\[\boxed{\mathbf{1006.}}\]
\[1)\ \left( 1 + tg^{2}\text{\ a} \right)\cos^{2}a - 1 =\]
\[= \left( 1 + \frac{\sin^{2}a}{\cos^{2}a} \right)\cos^{2}a - 1 =\]
\[= \cos^{2}a + \sin^{2}a - 1 =\]
\[= 1 - 1 = 0\]
\[2)\ 1 - \sin^{2}a\left( 1 + ctg^{2}\text{\ a} \right) = 1 -\]
\[- \sin^{2}a\left( 1 + \frac{\cos^{2}a}{\sin^{2}a} \right) = 1 -\]
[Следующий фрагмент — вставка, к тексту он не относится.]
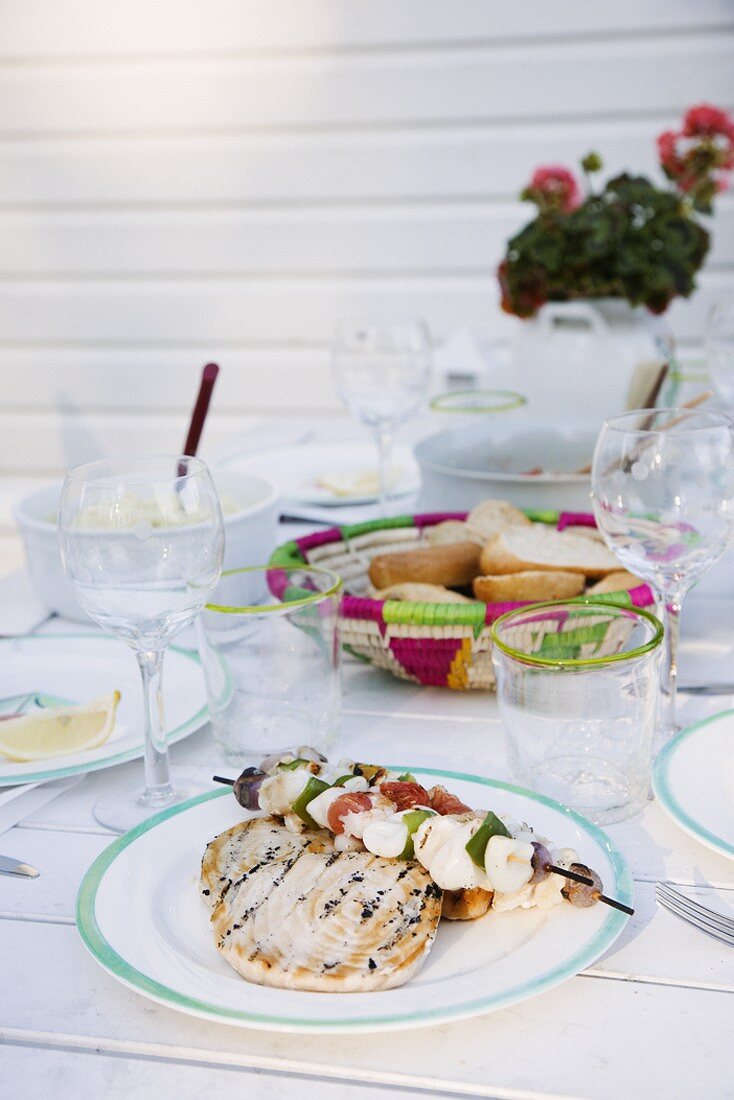 Mixed grill, bread and glasses on a table al fresco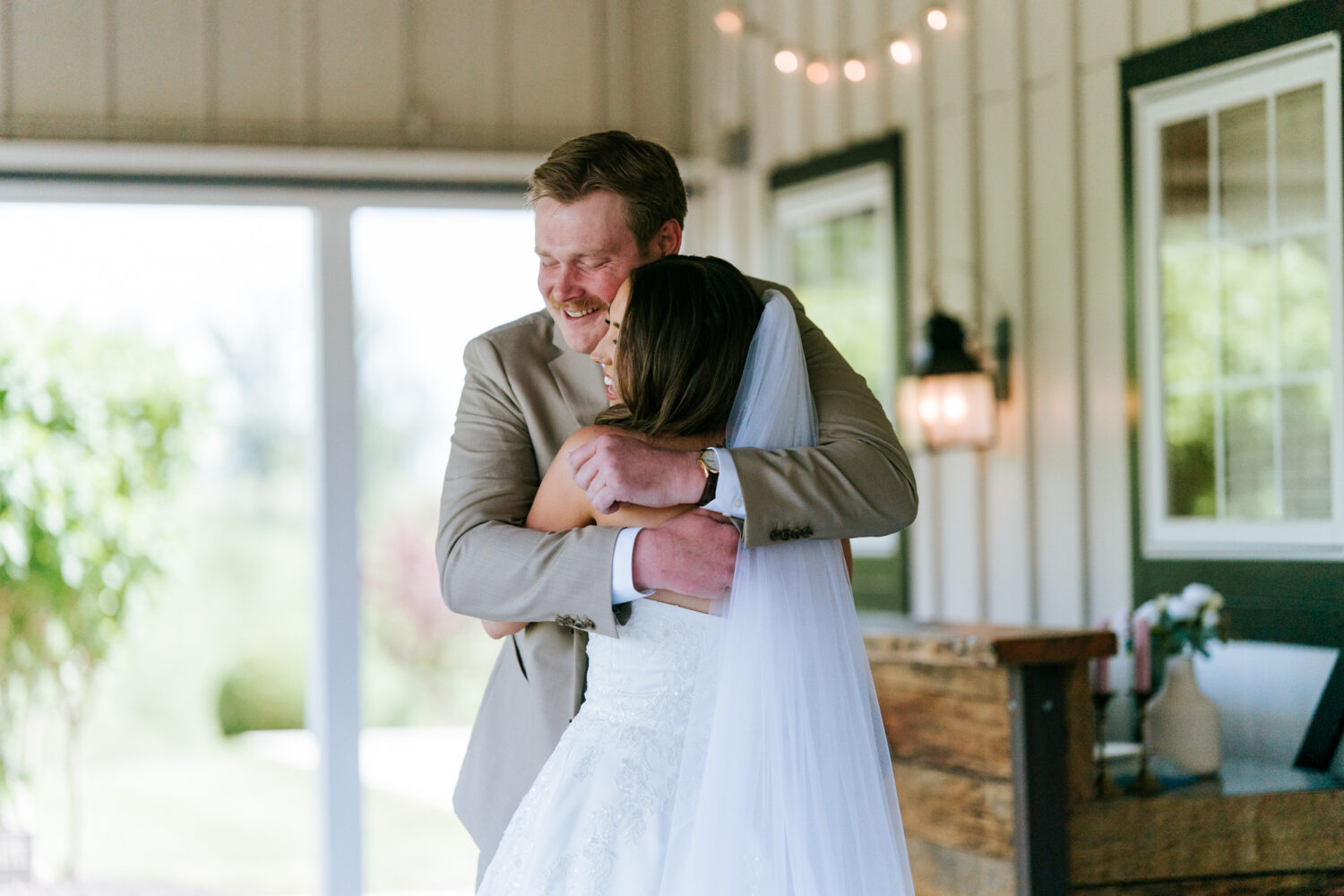 groom hugging his bride on their shadow creek wedding day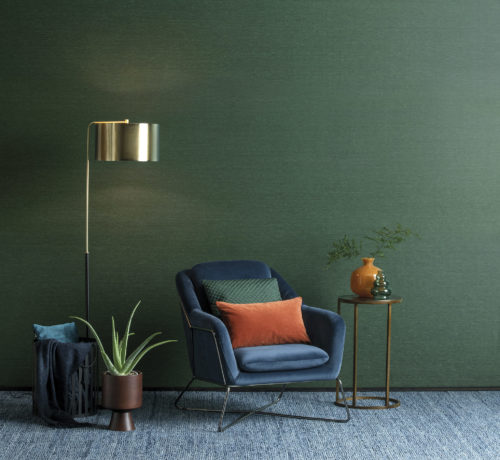 Decor with blue velvet chair, orange and green cushions and vases. Green Portfolio wallcovering on the wall.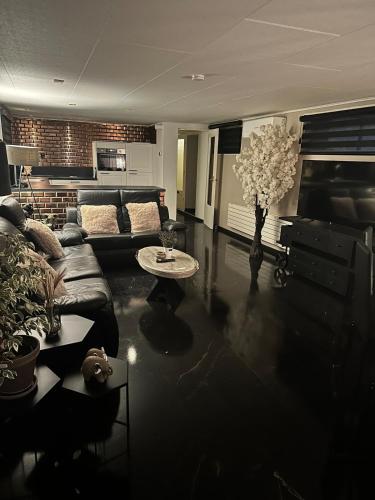 a living room with a couch and a table at woonboot de dobber loosdrechtse plassen 4-8 personen in Loosdrecht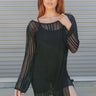 Front view of model wearing the Coast to Coast Cover Up in Black which features open knit black fabric, a mini-length hem, slits on the side, a round neckline and long sleeves.
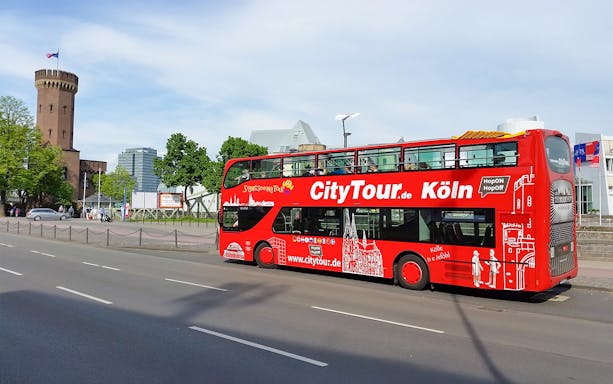 Red double-decker Hop on Hop off tour bus in Cologne near historic tower.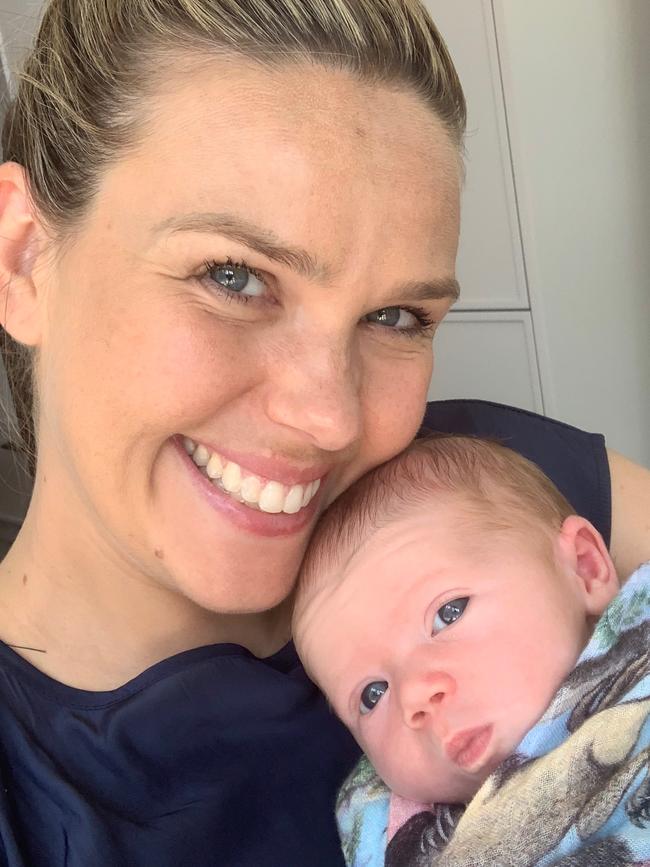 Sunrise reporter Edwina Bartholomew with her two-week old baby Molly yesterday.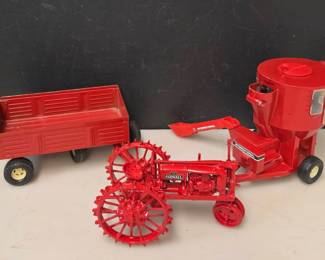 3 Piece Collection of 1/16 Scale Farmall Die Cast Tractor and 2 Implements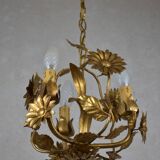 golden chandeliers with flowers.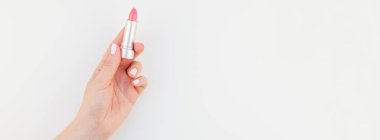 Kadın el ile pastel pembe ruj izole kopya alanı ile beyaz arka planda tutan Lehçe manikür. Uzun geniş afiş kadınsı güzellik blog sosyal medya için
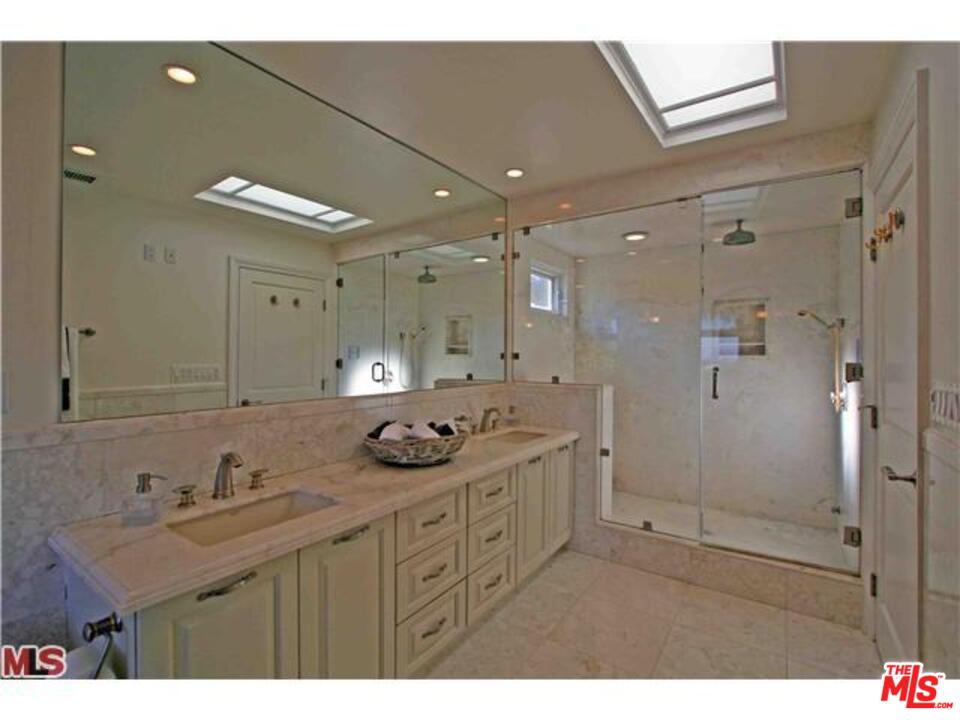 1148 Las Pulgas Road Pacific Palisades, CA 90272 - Photo 8 of 13 a bathroom with a double vanity sink mirror and shower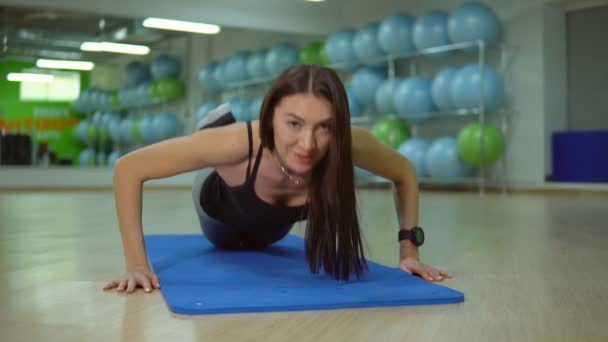 Concepto fitness. Mujer joven haciendo ejercicios en una colchoneta de gimnasio — Vídeos de Stock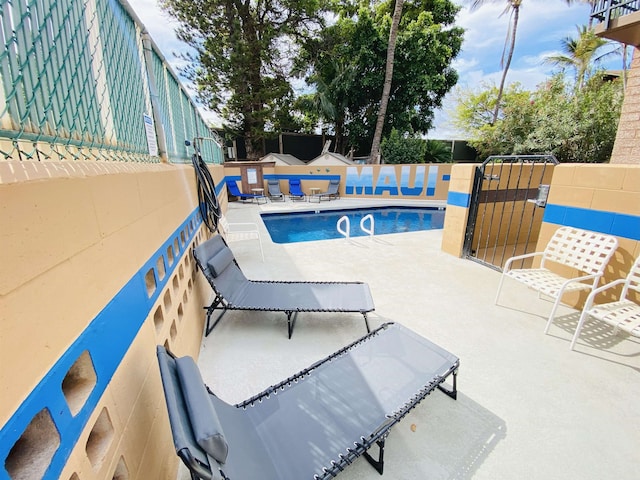 34 Wailana Pl Unit 201, Kihei, HI 96753 - view of swimming pool featuring a patio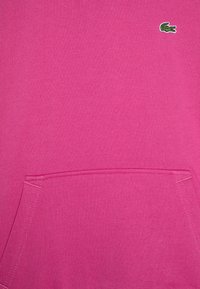 Sudadera rosa con bolsillo frontal, textura suave y un pequeño logo bordado verde en la parte superior izquierda.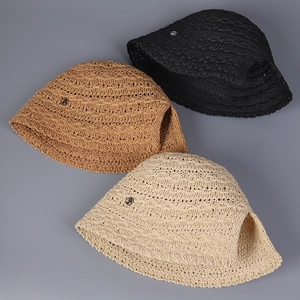 Detailed knit texture of breathable straw bucket hats in black, tan and beige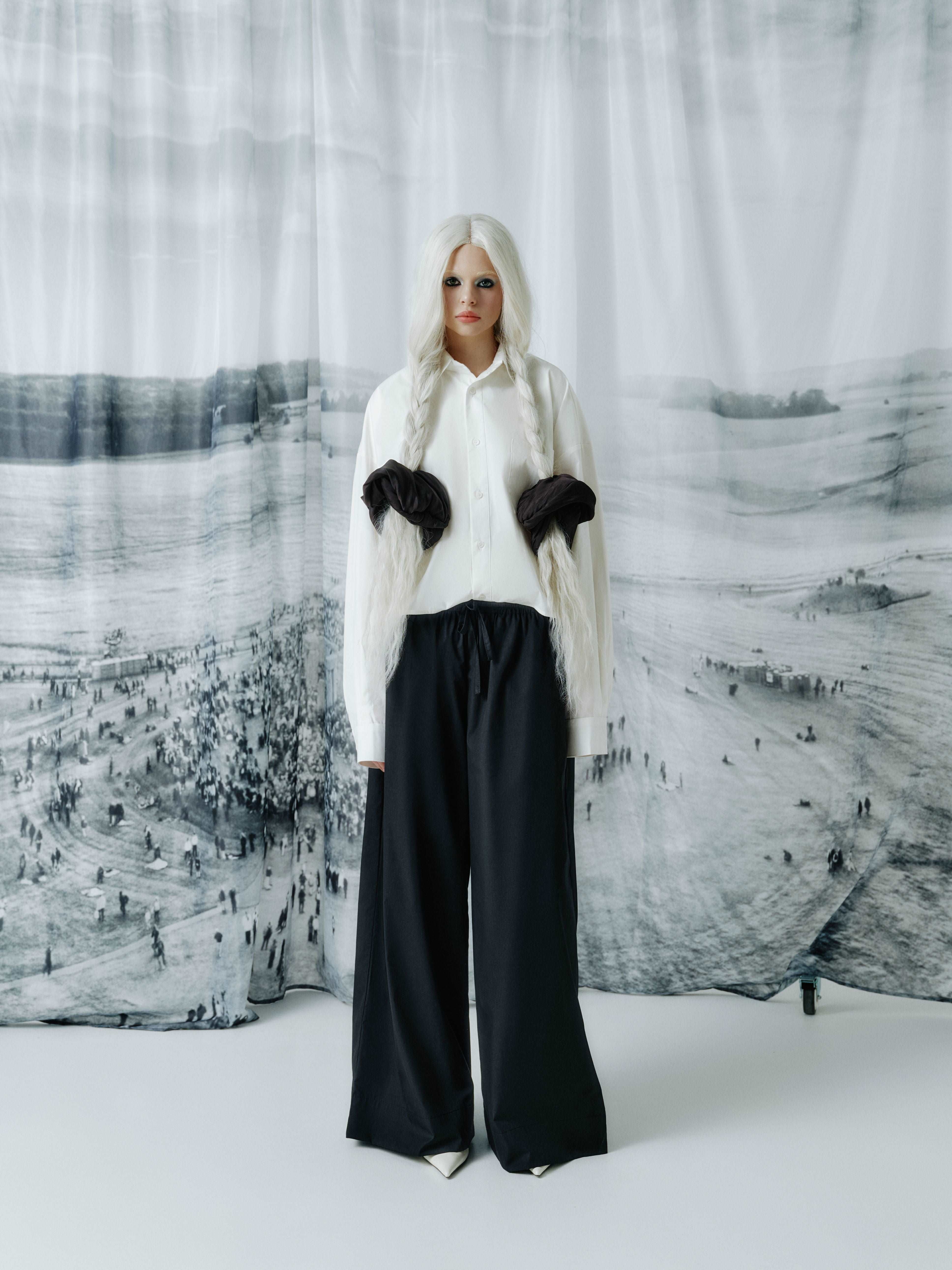 Model wearing full-length black cotton wide-leg pants with an elastic waistband, offering a modern, breezy silhouette and comfortable fit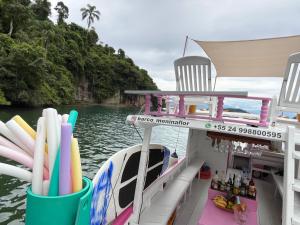 a boat with chairs and a bar on the water at Vibe in Paraty +2 photos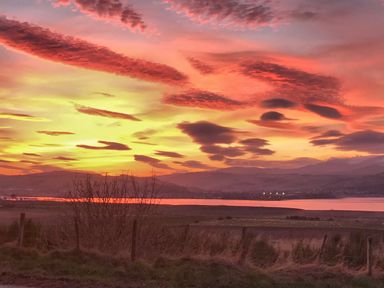 A sunset over hills with a body of water and fields with a fence in the foreground at Skylarks in Ferintosh near to Dingwall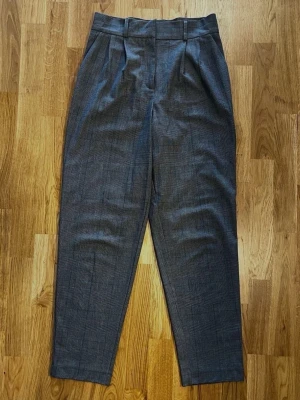 Grå, rutiga kostymbyxor från Cubus - Storlek 36 - Säljer ett par snygga kostymbyxor från Cubus! Perfekta både till jobbet eller till en mer uppklädd vardagslook! Storlek: 36. Färg: Grå. Mönster: Rutiga. Knäpps med knapp och dragkedja. Två djupa framfickor. Material: 62 % Polyester, 33 % Viskos och 5 % Elastan. Foder: 100 % Polyester. Säljs i bra skick! Kika gärna in på mina andra annonser, jag säljer just nu flera klädesplagg! Hör av dig vid frågor och intresse!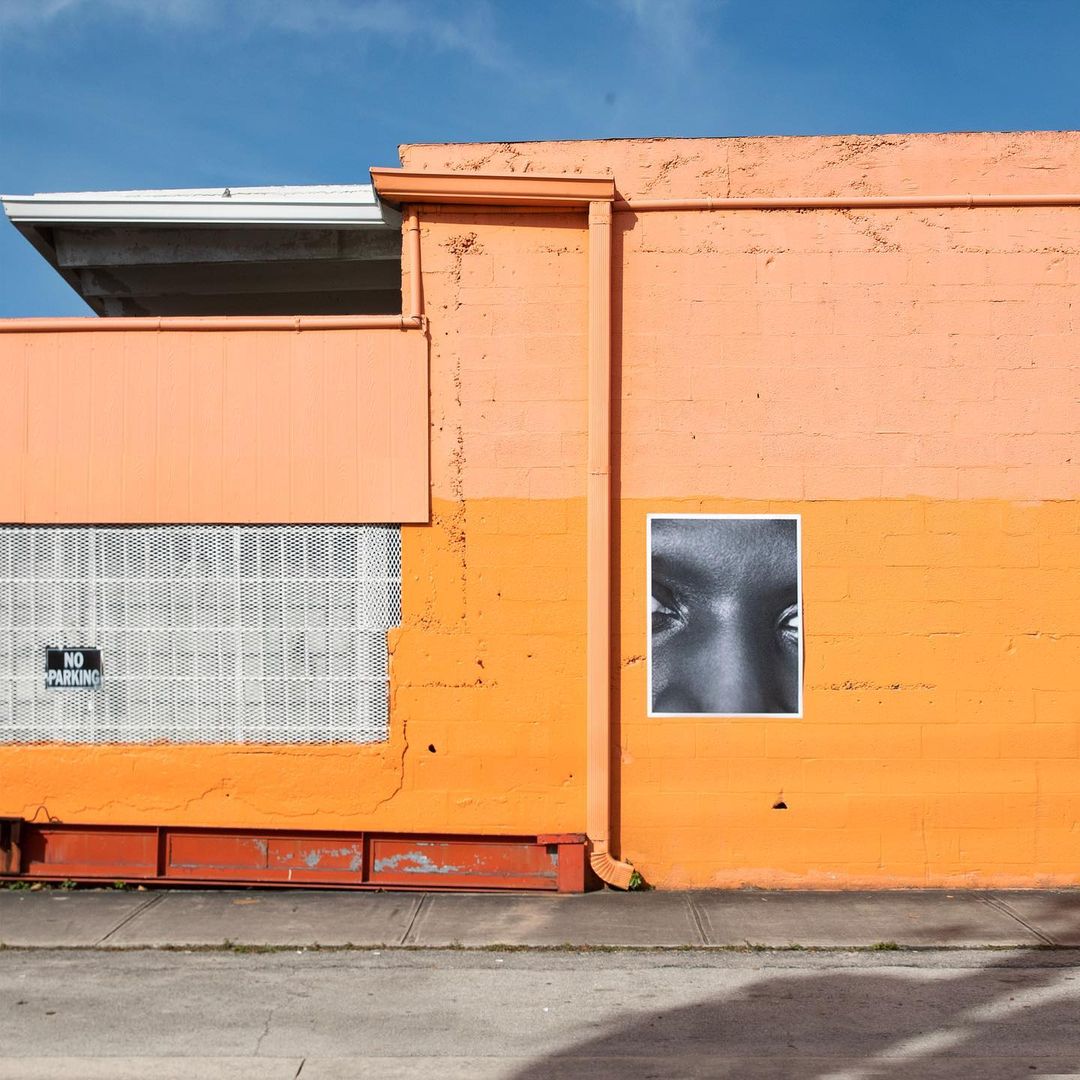 Eye-level shot of a black and white photographic print featuring human eyes on a peach and orange building with a 'No Parking' sign.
\[- \sin^{2}a - \cos^{2}a =\]
\[= 1 - \left( \sin^{2}a + \cos^{2}a \right) =\]
\[= 1 - 1 = 0\]
\[3)\ 1 + tg^{2}\ a + \frac{1}{\sin^{2}a} = 1 +\]
\[+ \frac{\sin^{2}a}{\cos^{2}a} + \frac{1}{\sin^{2}a} =\]
\[= \frac{\cos^{2}a + \sin^{2}a}{\cos^{2}a} + \frac{1}{\sin^{2}a} =\]
\[= \frac{1}{\cos^{2}a} + \frac{1}{\sin^{2}a} =\]
\[= \frac{\sin^{2}a + \cos^{2}a}{\cos^{2}a \bullet \sin^{2}a} =\]
\[= \frac{1}{\sin^{2}a \bullet \cos^{2}a}\]
\[4)\ \frac{1 + tg^{2}\text{\ a}}{1 + ctg^{2}\text{\ a}} =\]
\[= \left( 1 + tg^{2}\text{\ a} \right)\ :\left( 1 + \frac{1}{tg^{2}\text{\ a}} \right) =\]
\[= \left( 1 + tg^{2}\text{\ a} \right)\ :\frac{tg^{2}\ a + 1}{tg^{2}\text{\ a}} =\]
\[= \left( 1 + tg^{2}\text{\ a} \right) \bullet \frac{tg^{2}\text{\ a}}{1 + tg^{2}\text{\ a}} =\]
\[= tg^{2}\text{\ a}\]